Le réalisateur ose un mélange des genres risqué mais tout à fait cohérent, entre l’effroi, l’enquête, l’émotion et un léger sous-texte social. Et tout cela emballé dans un propos écologique fort et pertinent. Rarement la thématique de la fin du monde n’avait été aussi palpable, montrée sous un prisme comme celui de la jeunesse désabusée et suicidaire. La maîtrise à ce niveau est impressionnante, tant au niveau du scénario que de la mise en scène. La musique, le rythme lancinant, des scènes froides et étranges ainsi qu’une symbolique forte comme la chaleur écrasante du soleil conduisent à nous angoisser de manière insidieuse et à nous faire partager le début de folie du personnage principal. D’ailleurs, « L’heure de la sortie » regorge de détails et de signes qu’il nous appartient d’interpréter. En premier lieu le titre, à double voire triple sens, qui prend tout son sens à la fin du film.

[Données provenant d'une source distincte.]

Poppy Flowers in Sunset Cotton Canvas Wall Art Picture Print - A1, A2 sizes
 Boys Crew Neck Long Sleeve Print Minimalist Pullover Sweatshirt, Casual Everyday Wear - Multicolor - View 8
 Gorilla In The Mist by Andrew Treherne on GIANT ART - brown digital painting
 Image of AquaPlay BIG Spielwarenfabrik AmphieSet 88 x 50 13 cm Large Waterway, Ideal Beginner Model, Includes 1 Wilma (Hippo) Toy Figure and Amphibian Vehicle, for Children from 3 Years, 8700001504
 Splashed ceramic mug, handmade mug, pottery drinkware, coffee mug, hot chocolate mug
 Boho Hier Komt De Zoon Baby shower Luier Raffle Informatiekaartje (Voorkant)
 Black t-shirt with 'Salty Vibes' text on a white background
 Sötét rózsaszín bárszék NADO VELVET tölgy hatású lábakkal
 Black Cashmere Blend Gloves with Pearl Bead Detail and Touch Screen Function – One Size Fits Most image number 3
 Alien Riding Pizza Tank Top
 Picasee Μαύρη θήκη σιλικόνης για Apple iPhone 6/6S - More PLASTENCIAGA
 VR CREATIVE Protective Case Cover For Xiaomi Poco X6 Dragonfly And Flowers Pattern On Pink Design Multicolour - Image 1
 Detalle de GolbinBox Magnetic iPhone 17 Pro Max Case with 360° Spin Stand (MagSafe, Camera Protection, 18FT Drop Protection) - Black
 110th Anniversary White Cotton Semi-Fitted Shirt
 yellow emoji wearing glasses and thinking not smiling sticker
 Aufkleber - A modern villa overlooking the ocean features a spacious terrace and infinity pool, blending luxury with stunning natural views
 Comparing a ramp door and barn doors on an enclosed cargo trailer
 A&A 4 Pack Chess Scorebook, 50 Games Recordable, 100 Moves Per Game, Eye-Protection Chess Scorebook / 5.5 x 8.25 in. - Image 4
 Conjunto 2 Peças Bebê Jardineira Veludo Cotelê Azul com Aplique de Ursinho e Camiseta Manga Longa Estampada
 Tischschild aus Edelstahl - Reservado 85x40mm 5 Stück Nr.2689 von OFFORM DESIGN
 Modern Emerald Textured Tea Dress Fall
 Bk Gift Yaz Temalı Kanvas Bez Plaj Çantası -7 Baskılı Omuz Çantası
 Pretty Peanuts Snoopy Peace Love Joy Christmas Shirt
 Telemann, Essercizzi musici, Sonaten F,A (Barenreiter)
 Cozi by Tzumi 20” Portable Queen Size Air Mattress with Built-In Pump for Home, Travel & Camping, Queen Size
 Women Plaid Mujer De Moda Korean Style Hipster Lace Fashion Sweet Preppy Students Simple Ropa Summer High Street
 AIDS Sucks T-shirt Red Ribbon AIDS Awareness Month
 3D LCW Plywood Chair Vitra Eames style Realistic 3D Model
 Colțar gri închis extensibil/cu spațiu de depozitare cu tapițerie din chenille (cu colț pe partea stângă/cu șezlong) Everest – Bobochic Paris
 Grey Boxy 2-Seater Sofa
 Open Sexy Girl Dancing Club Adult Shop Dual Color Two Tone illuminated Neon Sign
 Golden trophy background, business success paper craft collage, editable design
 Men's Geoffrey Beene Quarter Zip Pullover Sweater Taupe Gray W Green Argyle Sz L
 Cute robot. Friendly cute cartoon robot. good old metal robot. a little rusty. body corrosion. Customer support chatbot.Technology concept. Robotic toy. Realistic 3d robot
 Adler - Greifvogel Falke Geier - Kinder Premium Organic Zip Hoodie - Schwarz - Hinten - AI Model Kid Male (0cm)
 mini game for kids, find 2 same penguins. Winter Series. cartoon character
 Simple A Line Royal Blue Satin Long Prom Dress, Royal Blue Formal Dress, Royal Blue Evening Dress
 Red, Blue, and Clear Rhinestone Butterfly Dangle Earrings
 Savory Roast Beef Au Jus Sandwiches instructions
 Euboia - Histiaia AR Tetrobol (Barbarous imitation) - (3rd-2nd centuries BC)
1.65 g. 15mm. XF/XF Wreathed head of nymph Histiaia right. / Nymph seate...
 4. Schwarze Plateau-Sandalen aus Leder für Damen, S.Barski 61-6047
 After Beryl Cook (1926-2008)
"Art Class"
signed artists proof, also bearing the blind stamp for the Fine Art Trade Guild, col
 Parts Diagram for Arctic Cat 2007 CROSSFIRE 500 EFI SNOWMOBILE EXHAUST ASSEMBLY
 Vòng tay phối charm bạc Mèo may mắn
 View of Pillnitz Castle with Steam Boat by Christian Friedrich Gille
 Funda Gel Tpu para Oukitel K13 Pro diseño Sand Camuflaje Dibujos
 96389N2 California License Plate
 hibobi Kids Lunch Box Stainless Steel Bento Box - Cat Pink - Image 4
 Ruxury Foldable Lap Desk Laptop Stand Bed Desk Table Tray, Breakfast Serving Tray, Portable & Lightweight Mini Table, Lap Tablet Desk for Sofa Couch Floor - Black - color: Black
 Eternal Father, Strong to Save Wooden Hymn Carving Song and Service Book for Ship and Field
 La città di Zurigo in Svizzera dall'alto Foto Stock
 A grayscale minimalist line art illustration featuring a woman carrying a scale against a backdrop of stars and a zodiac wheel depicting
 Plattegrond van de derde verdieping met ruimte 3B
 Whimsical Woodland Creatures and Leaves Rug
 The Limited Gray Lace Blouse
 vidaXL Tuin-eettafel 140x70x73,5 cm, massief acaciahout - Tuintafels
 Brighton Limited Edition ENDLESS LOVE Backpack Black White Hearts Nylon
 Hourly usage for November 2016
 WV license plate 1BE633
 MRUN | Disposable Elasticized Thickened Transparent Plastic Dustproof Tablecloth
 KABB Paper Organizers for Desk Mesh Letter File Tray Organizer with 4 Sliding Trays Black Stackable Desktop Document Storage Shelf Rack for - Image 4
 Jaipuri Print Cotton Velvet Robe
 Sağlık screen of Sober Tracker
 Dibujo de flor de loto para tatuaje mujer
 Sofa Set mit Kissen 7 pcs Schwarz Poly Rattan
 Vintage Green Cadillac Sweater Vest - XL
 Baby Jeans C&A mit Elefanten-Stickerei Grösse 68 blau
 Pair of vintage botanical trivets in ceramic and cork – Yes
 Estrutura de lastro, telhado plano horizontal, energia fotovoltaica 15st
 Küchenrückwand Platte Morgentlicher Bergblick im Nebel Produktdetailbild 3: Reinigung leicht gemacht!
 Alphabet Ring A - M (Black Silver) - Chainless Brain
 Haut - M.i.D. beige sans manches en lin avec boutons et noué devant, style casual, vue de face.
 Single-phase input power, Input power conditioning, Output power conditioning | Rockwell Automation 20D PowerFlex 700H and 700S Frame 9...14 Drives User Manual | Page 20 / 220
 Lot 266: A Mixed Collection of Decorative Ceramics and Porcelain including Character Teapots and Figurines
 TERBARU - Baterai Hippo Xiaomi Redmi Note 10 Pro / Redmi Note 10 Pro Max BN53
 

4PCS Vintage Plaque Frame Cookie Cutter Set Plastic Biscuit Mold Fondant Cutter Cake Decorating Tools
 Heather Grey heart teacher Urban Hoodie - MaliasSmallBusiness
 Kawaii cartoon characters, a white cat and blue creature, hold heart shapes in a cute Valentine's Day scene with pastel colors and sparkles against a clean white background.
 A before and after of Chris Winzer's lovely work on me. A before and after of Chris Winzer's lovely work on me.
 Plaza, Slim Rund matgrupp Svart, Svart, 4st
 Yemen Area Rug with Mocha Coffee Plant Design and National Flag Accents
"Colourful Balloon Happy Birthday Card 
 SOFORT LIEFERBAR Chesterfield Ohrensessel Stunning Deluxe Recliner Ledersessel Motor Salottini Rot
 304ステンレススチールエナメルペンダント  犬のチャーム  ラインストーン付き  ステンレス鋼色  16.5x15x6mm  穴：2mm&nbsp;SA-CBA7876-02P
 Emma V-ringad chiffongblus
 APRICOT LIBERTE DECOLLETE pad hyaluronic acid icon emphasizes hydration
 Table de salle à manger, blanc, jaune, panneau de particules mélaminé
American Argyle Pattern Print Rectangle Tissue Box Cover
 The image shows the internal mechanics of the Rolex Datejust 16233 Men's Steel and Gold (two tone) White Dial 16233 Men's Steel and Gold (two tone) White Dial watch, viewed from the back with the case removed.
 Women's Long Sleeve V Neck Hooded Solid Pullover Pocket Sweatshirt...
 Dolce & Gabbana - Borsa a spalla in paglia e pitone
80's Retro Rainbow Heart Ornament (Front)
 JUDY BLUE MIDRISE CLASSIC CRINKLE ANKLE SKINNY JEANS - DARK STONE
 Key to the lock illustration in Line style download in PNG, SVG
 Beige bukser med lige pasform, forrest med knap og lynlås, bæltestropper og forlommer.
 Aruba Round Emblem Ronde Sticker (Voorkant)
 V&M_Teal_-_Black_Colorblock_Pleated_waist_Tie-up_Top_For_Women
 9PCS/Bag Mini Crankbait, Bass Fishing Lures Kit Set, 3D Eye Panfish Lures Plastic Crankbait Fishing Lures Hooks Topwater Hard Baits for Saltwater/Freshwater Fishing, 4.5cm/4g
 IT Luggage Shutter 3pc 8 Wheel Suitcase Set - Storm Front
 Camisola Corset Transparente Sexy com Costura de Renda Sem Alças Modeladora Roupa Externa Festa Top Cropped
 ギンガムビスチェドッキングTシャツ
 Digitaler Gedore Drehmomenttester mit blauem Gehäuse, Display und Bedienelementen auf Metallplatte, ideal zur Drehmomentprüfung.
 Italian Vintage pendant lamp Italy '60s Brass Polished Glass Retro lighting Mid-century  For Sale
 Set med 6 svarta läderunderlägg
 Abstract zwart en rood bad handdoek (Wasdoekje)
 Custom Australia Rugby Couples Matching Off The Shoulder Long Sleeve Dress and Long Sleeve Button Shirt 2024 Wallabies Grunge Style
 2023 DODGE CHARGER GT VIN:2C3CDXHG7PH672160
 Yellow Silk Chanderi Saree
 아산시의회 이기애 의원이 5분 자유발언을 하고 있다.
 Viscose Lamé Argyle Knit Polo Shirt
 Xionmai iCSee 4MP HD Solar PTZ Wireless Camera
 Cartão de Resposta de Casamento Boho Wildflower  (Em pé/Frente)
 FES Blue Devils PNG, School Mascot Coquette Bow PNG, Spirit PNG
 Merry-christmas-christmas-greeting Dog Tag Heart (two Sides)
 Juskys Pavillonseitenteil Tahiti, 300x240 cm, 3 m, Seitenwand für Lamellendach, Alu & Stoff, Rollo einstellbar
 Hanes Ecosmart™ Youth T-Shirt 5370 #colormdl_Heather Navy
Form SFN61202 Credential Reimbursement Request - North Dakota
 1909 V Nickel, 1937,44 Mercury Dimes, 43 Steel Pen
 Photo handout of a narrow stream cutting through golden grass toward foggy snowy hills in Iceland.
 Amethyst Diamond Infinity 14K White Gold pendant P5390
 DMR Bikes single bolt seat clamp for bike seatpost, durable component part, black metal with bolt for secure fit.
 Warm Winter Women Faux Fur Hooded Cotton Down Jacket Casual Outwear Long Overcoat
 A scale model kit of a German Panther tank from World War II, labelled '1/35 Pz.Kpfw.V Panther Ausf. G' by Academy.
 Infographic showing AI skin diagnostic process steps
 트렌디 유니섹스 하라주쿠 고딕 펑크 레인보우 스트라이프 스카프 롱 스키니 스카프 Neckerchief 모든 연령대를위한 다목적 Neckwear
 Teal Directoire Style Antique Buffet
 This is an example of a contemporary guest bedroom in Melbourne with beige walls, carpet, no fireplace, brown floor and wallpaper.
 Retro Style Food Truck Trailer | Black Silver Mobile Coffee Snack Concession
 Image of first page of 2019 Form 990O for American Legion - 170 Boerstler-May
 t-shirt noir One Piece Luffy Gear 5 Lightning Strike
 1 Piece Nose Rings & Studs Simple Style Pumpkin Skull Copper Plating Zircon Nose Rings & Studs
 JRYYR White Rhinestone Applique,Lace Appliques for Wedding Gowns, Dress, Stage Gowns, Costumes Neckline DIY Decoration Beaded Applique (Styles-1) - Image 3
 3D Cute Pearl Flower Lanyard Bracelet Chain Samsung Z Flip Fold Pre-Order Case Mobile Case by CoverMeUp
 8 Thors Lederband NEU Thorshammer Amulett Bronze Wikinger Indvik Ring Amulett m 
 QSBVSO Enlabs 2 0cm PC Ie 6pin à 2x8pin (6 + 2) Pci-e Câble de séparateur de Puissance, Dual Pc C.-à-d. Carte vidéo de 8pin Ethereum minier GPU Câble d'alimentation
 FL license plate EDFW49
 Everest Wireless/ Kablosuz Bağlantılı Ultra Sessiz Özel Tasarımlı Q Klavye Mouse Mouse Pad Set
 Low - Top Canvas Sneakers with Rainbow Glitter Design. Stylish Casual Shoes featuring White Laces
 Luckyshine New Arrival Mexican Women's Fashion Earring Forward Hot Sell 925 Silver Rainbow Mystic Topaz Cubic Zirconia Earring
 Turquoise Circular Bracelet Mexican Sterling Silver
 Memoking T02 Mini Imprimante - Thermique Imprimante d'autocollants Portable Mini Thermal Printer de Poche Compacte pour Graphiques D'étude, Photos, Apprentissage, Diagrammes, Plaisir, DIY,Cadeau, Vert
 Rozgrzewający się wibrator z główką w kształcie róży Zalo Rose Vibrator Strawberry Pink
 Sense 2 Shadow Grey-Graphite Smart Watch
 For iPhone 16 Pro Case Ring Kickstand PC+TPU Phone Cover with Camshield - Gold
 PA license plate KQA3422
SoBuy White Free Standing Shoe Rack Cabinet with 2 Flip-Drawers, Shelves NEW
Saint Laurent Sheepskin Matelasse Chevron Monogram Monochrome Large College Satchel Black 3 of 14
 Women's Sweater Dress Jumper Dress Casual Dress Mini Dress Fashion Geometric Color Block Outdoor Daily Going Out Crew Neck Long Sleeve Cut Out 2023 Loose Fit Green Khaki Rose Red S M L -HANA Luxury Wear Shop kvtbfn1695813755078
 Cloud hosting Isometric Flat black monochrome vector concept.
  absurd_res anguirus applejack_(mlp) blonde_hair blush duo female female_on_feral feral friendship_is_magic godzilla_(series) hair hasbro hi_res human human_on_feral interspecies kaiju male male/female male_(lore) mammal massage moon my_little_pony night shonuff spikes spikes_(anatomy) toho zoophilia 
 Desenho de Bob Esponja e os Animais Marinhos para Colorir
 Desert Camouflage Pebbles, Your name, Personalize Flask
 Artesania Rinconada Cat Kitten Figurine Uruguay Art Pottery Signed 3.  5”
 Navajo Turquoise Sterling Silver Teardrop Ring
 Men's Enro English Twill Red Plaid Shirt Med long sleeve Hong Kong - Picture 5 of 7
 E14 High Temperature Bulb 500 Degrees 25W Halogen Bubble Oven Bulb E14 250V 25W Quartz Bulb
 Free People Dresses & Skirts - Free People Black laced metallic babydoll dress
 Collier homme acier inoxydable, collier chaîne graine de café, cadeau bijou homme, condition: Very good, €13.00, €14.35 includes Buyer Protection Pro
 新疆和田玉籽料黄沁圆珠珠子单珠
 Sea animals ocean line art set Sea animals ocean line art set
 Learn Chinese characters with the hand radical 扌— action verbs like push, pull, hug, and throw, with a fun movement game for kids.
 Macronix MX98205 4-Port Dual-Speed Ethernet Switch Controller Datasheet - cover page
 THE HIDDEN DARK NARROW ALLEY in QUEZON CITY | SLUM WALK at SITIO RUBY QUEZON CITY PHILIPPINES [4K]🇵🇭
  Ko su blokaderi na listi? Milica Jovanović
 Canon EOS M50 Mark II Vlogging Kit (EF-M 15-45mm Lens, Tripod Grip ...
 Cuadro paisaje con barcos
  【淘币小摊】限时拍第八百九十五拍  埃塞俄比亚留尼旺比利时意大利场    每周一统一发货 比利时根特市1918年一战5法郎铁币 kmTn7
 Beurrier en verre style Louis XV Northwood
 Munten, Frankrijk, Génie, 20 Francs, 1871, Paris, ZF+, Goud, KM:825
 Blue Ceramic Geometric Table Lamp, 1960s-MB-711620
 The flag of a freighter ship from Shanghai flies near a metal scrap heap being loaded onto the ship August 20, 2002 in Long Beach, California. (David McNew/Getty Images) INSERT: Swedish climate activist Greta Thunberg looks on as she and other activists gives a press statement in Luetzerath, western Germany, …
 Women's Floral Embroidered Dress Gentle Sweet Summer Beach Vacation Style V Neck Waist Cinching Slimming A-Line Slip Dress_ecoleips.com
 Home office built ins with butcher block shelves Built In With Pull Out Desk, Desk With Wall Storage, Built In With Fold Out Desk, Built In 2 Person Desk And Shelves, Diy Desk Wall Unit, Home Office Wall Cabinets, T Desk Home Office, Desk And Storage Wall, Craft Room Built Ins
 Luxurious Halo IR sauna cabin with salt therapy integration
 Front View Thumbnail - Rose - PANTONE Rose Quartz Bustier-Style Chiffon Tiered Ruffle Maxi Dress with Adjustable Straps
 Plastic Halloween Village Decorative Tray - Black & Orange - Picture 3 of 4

Et quelle fin ! Les dernières séquences sont proprement tétanisantes et nous retournent les entrailles. Pourtant pas de gore, ni de scènes choc. Juste des images simples qui nous renvoient à notre propre destruction. Une fin remarquable, pessimiste et nihiliste, qui dénote dans le paysage cinématographique français et fait l’effet d’un choc qui nous occupe l’esprit longtemps après la sortie de la salle. Alors même si le film souffre de quelques maladresses et reste imparfait, il reste mémorable et se positionne comme une œuvre innovante, hors des carcans et des balises propres au cinéma français, qu’il soit d’auteur ou populaire. « L’heure de la sortie » est un film sensoriel, qui met les sens en éveil et doté d’un suspense à tendance écologique fort. C’est rare, et même s’il y a quelques redondances et une dynamique un peu molle en milieu de film, il serait dommage de s’en priver.